EXERCISE DETAILS: Repeat everything in the listing exactly, except for the images.

DATA BLOCK:
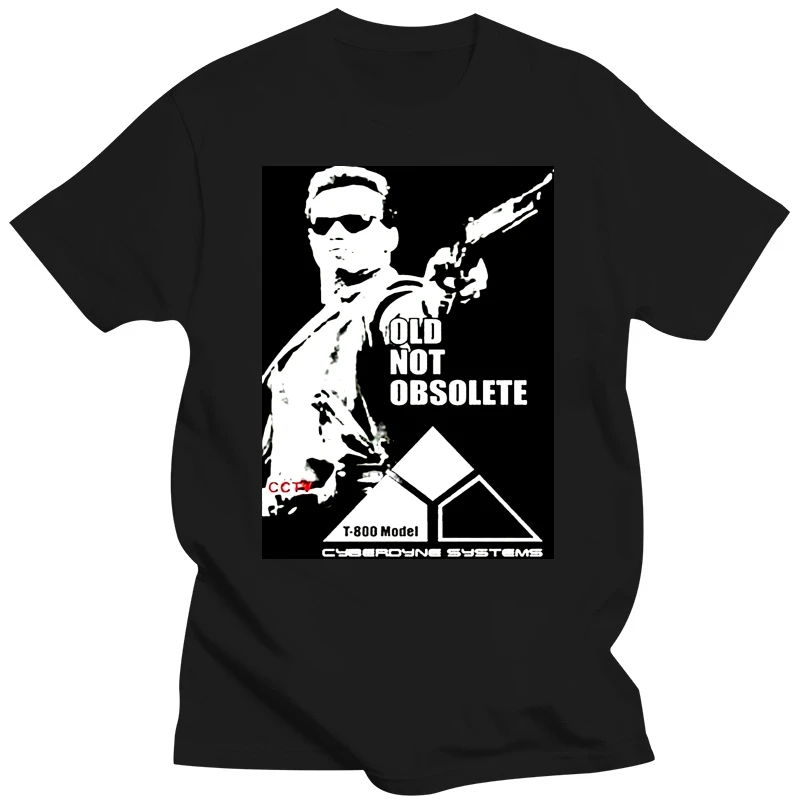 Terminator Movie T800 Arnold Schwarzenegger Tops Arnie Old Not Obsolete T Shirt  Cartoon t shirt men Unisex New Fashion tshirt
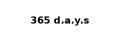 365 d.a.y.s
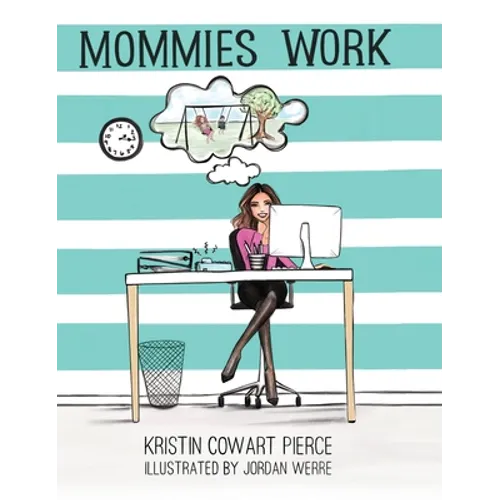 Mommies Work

YOUR RESPONSE:
 Terminator Movie T800 Arnold Schwarzenegger Tops Arnie Old Not Obsolete T Shirt  Cartoon t shirt men Unisex New Fashion tshirt
 365 d.a.y.s
 Mommies Work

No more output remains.